| Millecanali | Mercoledì 10 novembre 2010 | Mauro Roffi e Elena Romanato |
Non c’è pace per giornalisti in Russia, soprattutto per quelli che si occupano di giornalismo investigativo. Martedì scorso, a soli due giorni dall’aggressione ad Oleg Kachin, giornalista del quotidiano indipendente ‘Kommersant’, ad essere aggredito è stato Anatoli Adamciuk. Il giornalista lavora nel quotidiano locale “Jukovskie vesti” (‘Notizie di Jukovskie’, una zona di Mosca) ed è stato aggredito, come ha raccontato un suo collega Sergej Grammatin a Radio Echo di Mosca, da due sconosciuti che lo hanno malmenato a tal punto da procurargli un trauma cranico e una commozione cerebrale, anche se non è in pericolo di vita. Il giornalista si era occupato spesso di questioni ambientali e recentemente stava lavorando ad un’inchiesta sull’abbattimento di parte di una foresta per la costruzione di un’autostrada. E questo è un tema che evidentemente coinvolge molti (troppi) interessi, se è vero che quanti se ne occupano sul serio sui giornali russi di solito finiscono molto male o vivono nel terrore. E la Polizia naturalmente, alla fine, fa ben poco per proteggerli o può fare poco.
Mentre la lista dei giornalisti assassinati o aggrediti e brutalmente malmenati si allunga, l’opinione pubblica vive putroppo in una sorta di torpore o rassegnazione e questo nonostante il lavoro di giornalisti come Kachin o Adamciuk e di molti altri. E stata poi resa nota la dichiarazione del presidente Medvedev che nella sostanza si rivela inquietante e dalla quale si potrebbe intendere che i responsabili dell’aggressione del giornalista vadano ricercati in alto (Medveded sarebbe contrario all’autostrada di cui sopra, sotenuta invece da Putin, ma potrebbe anche trattarsi del solito gioco delle parti). I responsabili, ha detto Medvedev “saranno puniti, a prescindere dalla loro posizione nella società, dai loro meriti”.
Intanto è uscito proprio in questi giorni “Il labirinto di Putin” sulle morti sospette in Russia, secondo libro di Steve Le Vine, giornalista americano corrispondente dal Caucaso del ‘Washington Post’ per 16 anni. E sono forse le stesse parole di LeVine a fare capire perché c’è questo ‘torpore’ nei russi. “Questo è un libro sulla morte in Russia – spiega – . È nota al mondo la lunga storia russa di governanti feroci e assassini spietati.
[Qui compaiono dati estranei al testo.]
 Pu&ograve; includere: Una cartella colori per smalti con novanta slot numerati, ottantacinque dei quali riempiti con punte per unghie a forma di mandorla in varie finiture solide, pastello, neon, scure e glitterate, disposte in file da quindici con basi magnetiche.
Ma nel primo decennio del ventunesimo secolo, la brutalità e la morte violenta sono di così ordinaria amministrazione da essere solitamente ignorati da tutti tranne che dalle stesse vittime, dalle loro famiglie e dai loro amici. Dopo sedici anni di vita e viaggi nell’ex Unione Sovietica sono arrivato alla conclusione che l’acquiescenza della Russia a questo cruento stato di cose la distingue da altre nazioni che si definiscono civilizzate. Capisco che è un giudizio duro, ma posso solo dire che non è affrettato”.